Repeat precisely the line in which "Helvetica LT Std Light Preview" occurs and all lines that follow it in the entries below. Pictures must be omitted.

Items from a dataset
Start of Block
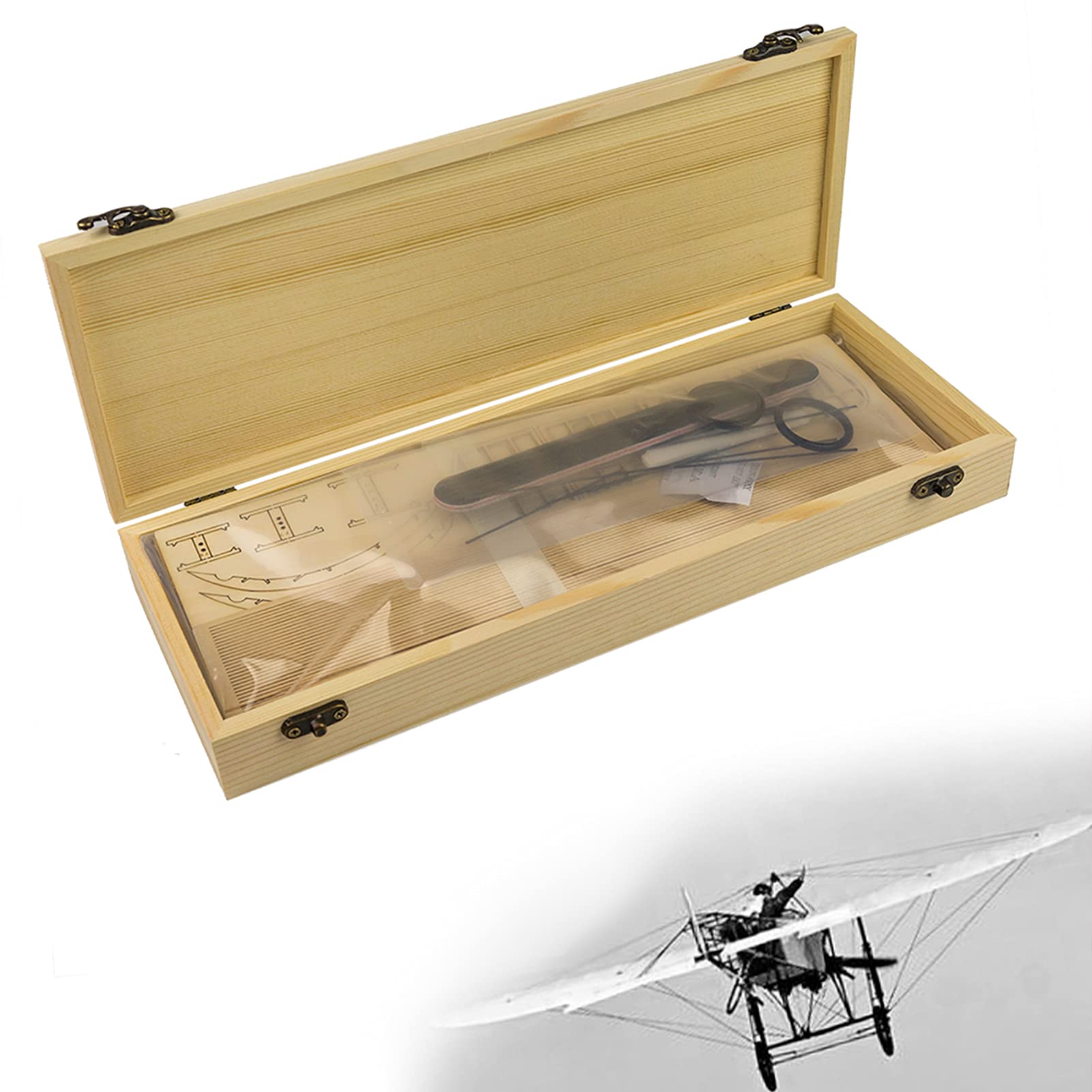 Amazon | HUIOP DWH VX14 1:23スケール 380mm 翼幅 飛行機 静的 木製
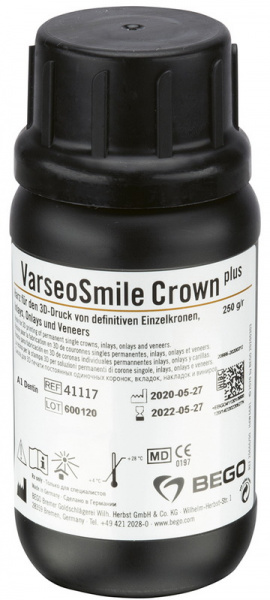 Фотополимерная смола BEGO VarseoSmile Crown Plus (A1, 0.25 л)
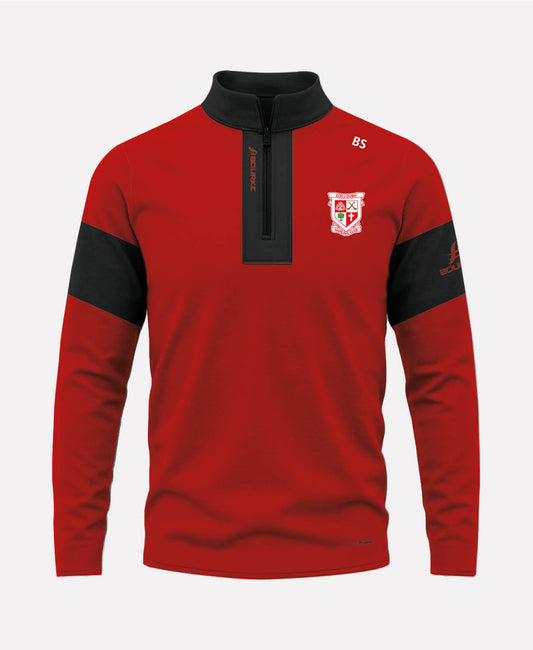 Coill Dubh Hurling Club TEASRA Half Zip (Black/Red)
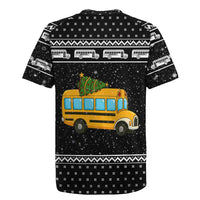 School Bus All Day Christmas Rugby Jersey Xmas Holiday Patterns - Wonder Print Shop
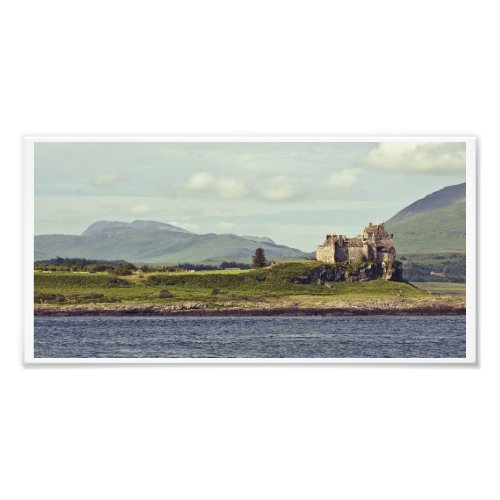Duart Castle and the Isle of Mull Panorama Photo Print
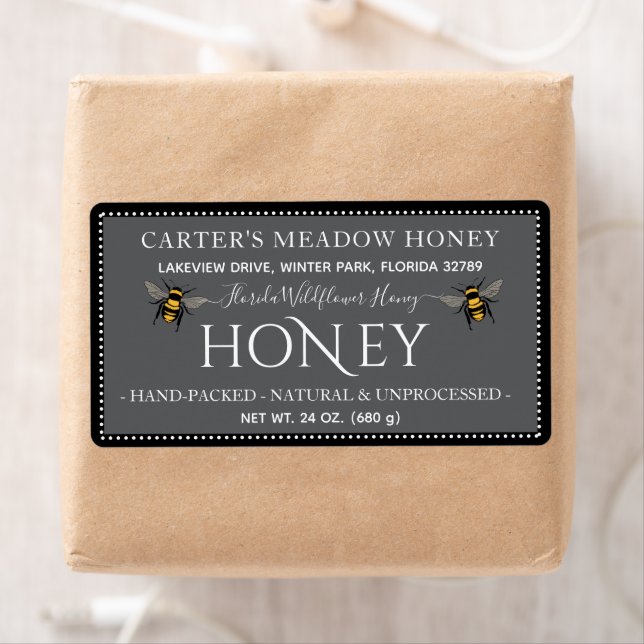 Honigklasse | Klassische Runde Aufkleber (Insitu)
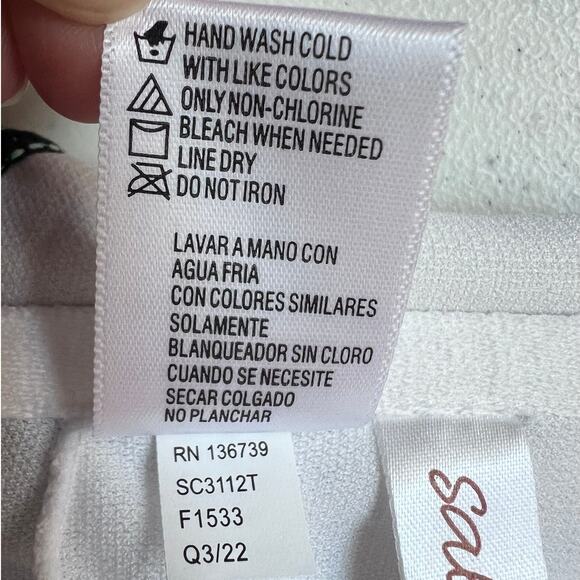 SALT COVE JUNIORS SZ LARGE BIKINI TOP PENNY LANE SMOCKED CONVERTIBLE MULTI NEW! - Picture 12 of 13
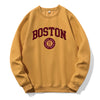 Boston City Us Founded In 1630 Men Hoody Warm Fleece Crew Neck Tracksuit Fashion Classic New Hoodie Sports Street Loose Hoodies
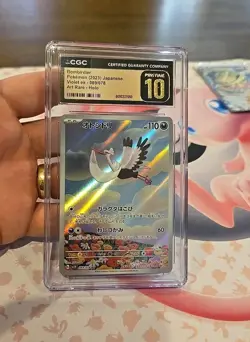 2023 Pokemon Bombirdier Japanese Violet Ex 89/78 Art Rare CGC Gold Pristine 10 - Image 1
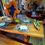 Miniature : Set de une Table + 2 bancs en Suar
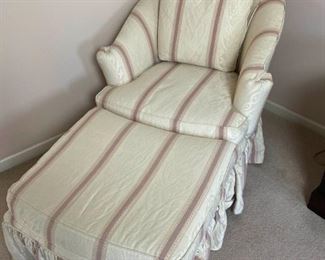 Boudoir Chair and Ottoman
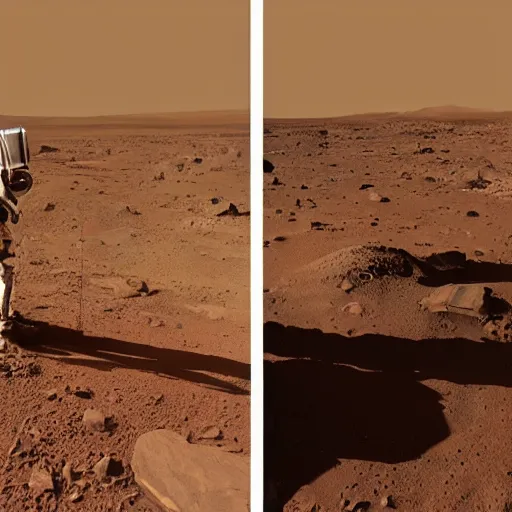 Prompt: extremely detailed photo of carl sagan on mars, detailed face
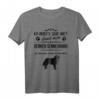 Ich arbeite sehr hart... lustiges Berner Sennenhund T-Shirt – Geschenk für Hundeliebhaber, Hundebesitzer & Hundezüchter zu Weihnachten, Geburtstag & mehr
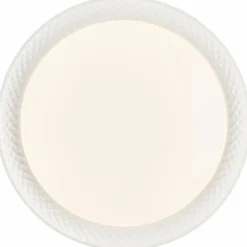 Luminaires Brilliant Plafonnier Brilliant Burlie LED Blanc, 1 lumière, Télécommandes, Changeur de couleurs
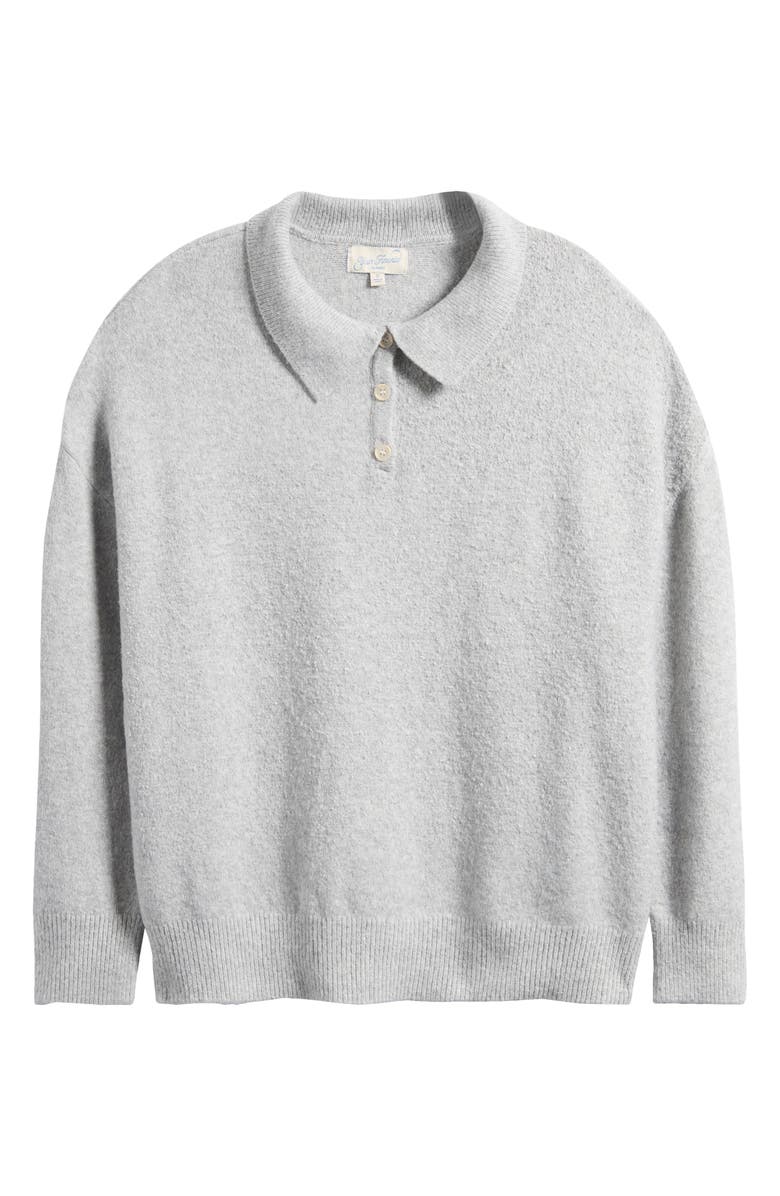 PacSun Jesse Knit Polo Sweater, Main, color, Heather Grey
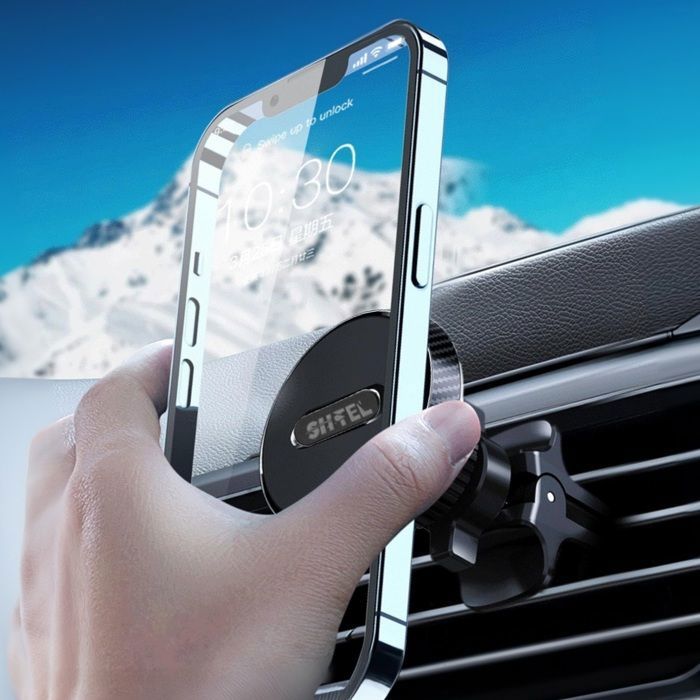 Support téléphone magnétique de voiture avec rotation à 360° très bon qualité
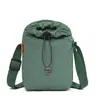 Bolso de Hombro Cruzado Simple Versátil para Teléfono Bolsa para Botella de Agua Nuevo Bolso Cubo de Nylon de Viaje de Moda para Mujeres Bolso Portátil para Salir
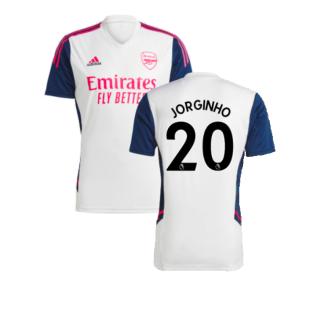 2022-2023 Arsenal Training Jersey (White) (Jorginho 20)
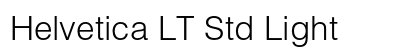 Helvetica LT Std Light Preview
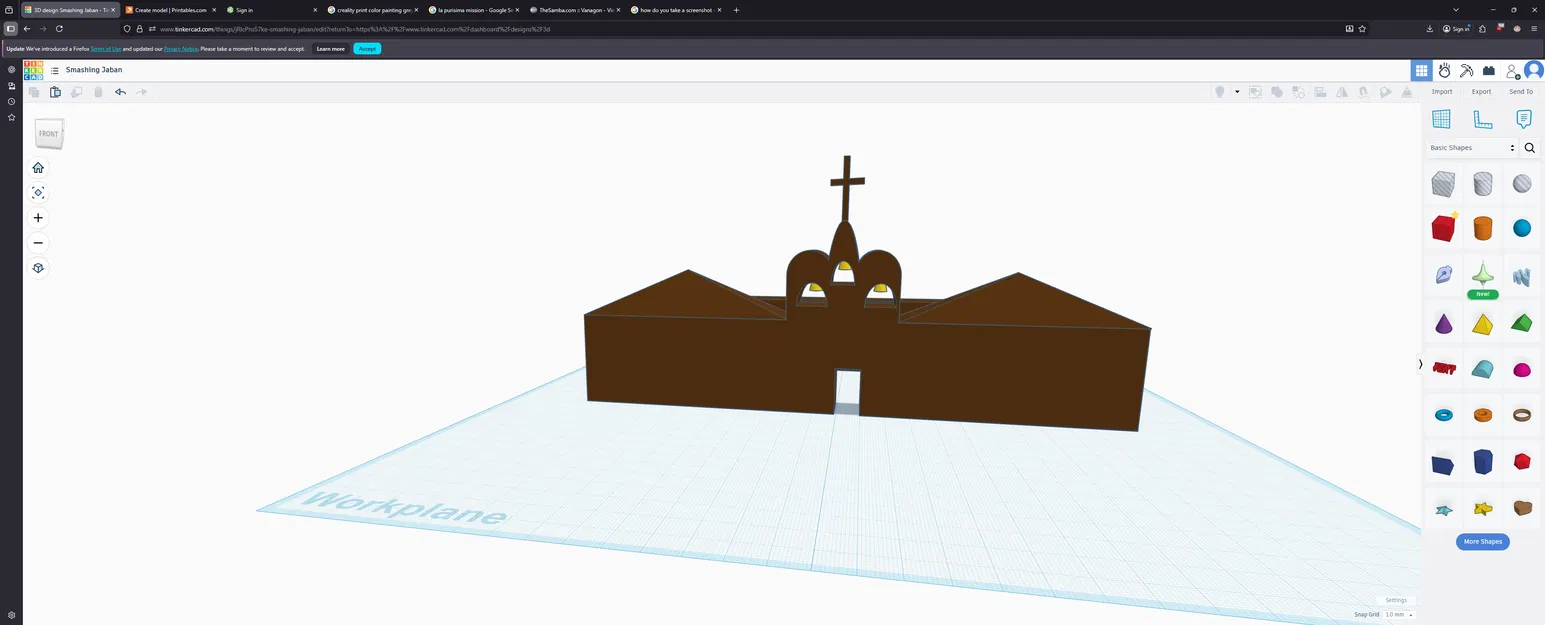 Mô hình 3D Nhà thờ La Purisima Concepcion cho máy in 3D - Image 2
End of Block
EXPECTED ANSWER:
 Helvetica LT Std Light Preview
 Mô hình 3D Nhà thờ La Purisima Concepcion cho máy in 3D - Image 2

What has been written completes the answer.